It never fails: No matter which browser you use, and how well you keep up with its updates, sooner or later you end up finding a website that doesn’t quite work the right way. Even more frustratingly, bugs and defects always seem to crop up more often on sites that tend to push the limits of what can be done with a browser, with activities like printing, interactivity, and complex animations frequent targets of malfunctions and misfirings.
It’s easy to blame Web developers for being lazy and allowing these problems to occur, but the reality is that the Web has become a complex, well, web of technologies and competing interests that are, sometimes, at odds with the goal of writing software that works across as many platforms as possible.
A fuzzy standard
Of these, the first two are “managed” by a non-profit organization called the World Wide Web Consortium, or W3C, that is responsible for defining the standards that—in theory—browser manufacturers and developers must follow in order for their products to be compatible with each other.
In practice, however, Web standards tend to trail de facto innovations introduced by the individual browsers, usually in response to the business needs of their makers.

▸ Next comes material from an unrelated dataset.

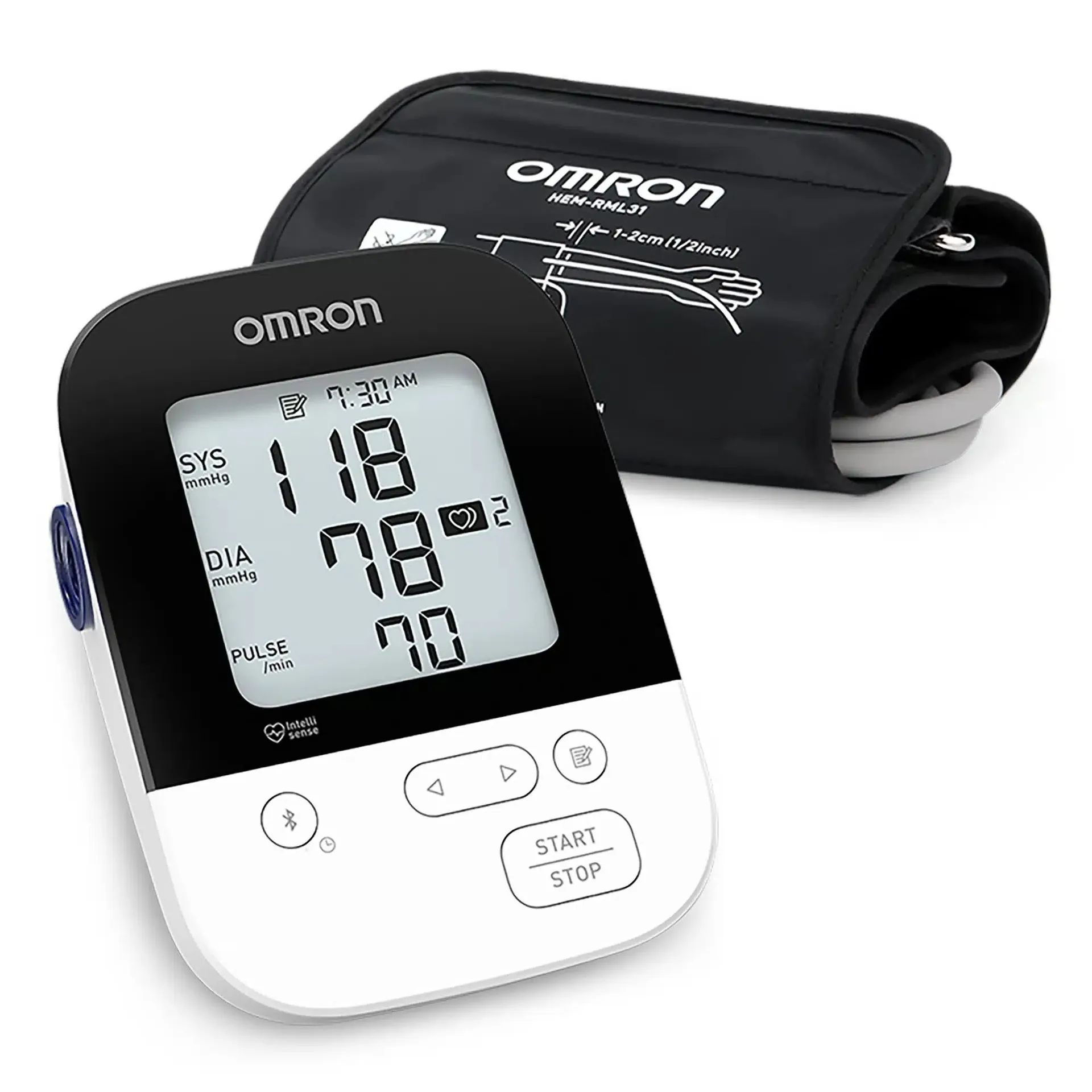 Omron 5 Series Wireless Upper Arm Digital Blood Pressure Monitor, Adult Nylon Cuff 9 - 17 in - Image 3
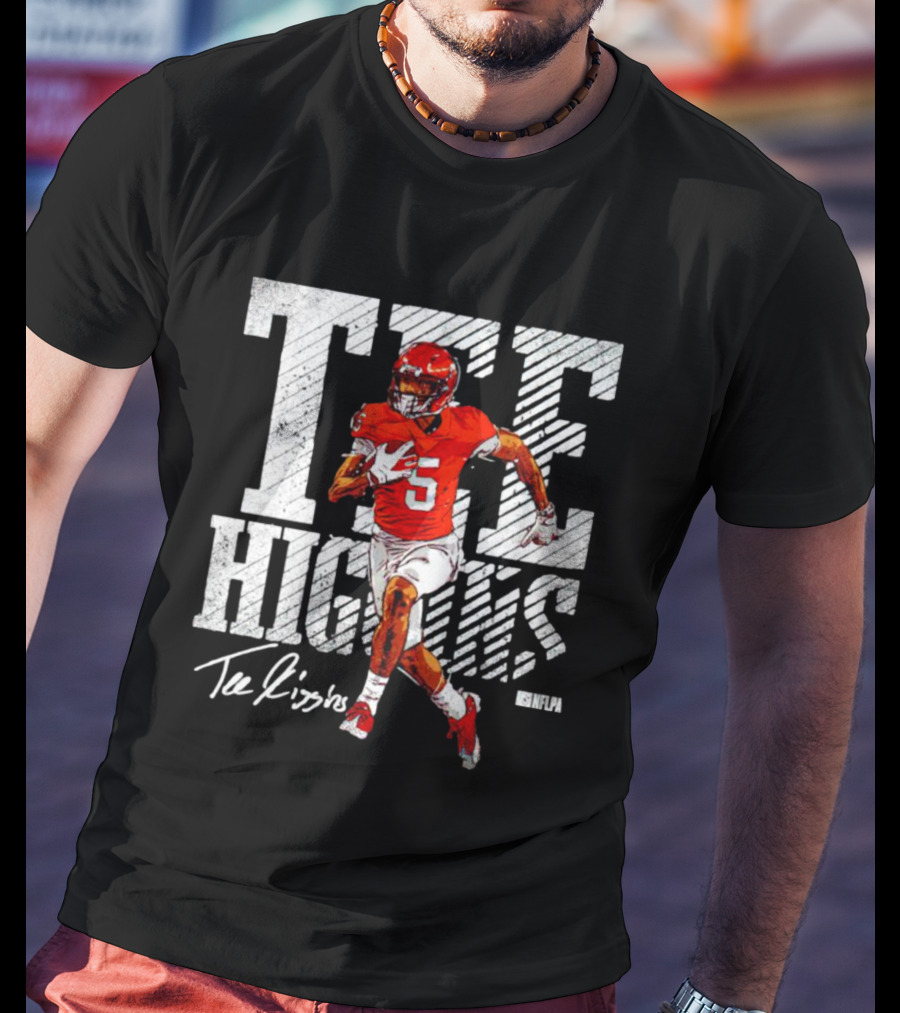 Tee Higgins NFLPA Cincinnati Football Signature T-Shirt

For example, Apple introduced a number of new features when it launched Safari for iOS, all aimed at making the company’s flagship browser work well with its new touch interface; in typical Cupertino fashion, this was done in secrecy, leaving those responsible for the corresponding standards to catch up after the fact.
Thus, the specification behind the fifth incarnation of HTML is not expected to be finalized until 2014, and won’t become a “Recommendation”—the status accorded by the W3C to official standards—until 2016. Yet HTML5, as it is commonly called, is already widely used by all major browsers and many, many websites, although support for HTML5 is implemented in different ways by each browser vendor.
A web of complexity
Internally, every browser uses a component called a rendering engine, which is responsible for transforming source code into the webpage you see. Each major vendor has developed its own incarnation, with the exception of Google and Apple, which have based their Chrome and Safari browsers, respectively, on WebKit, an open source rendering engine to which both companies contribute.
There are sometimes profound different differences in the way each engine decides to interpret and render a particular webpage. In fact, even Chrome and Safari, which are based on the same underlying software, often exhibit completely different behavior towards the same piece of code. And, to make matters even worse, it’s not unusual for different versions of the same engine to be at odds with each other, so that, for example, Safari on OS X 10.6 may well render webpages in a different way from its 10.8 counterpart.
Of rocks and hard places
In between these competing business needs and shaky standards, Web developers are tasked with the job of coding sites that takes advantage of as many advanced browser features as practical while reaching the widest possible audience—a job that can be downright impossible. Once written, sites must then be tested with as many different browser and operating system combinations as possible—another potentially monumental task that is time consuming and has a knack for resisting automation and one that can easily be, once it reaches a certain complexity, beyond the budgetary capabilities of many development shops.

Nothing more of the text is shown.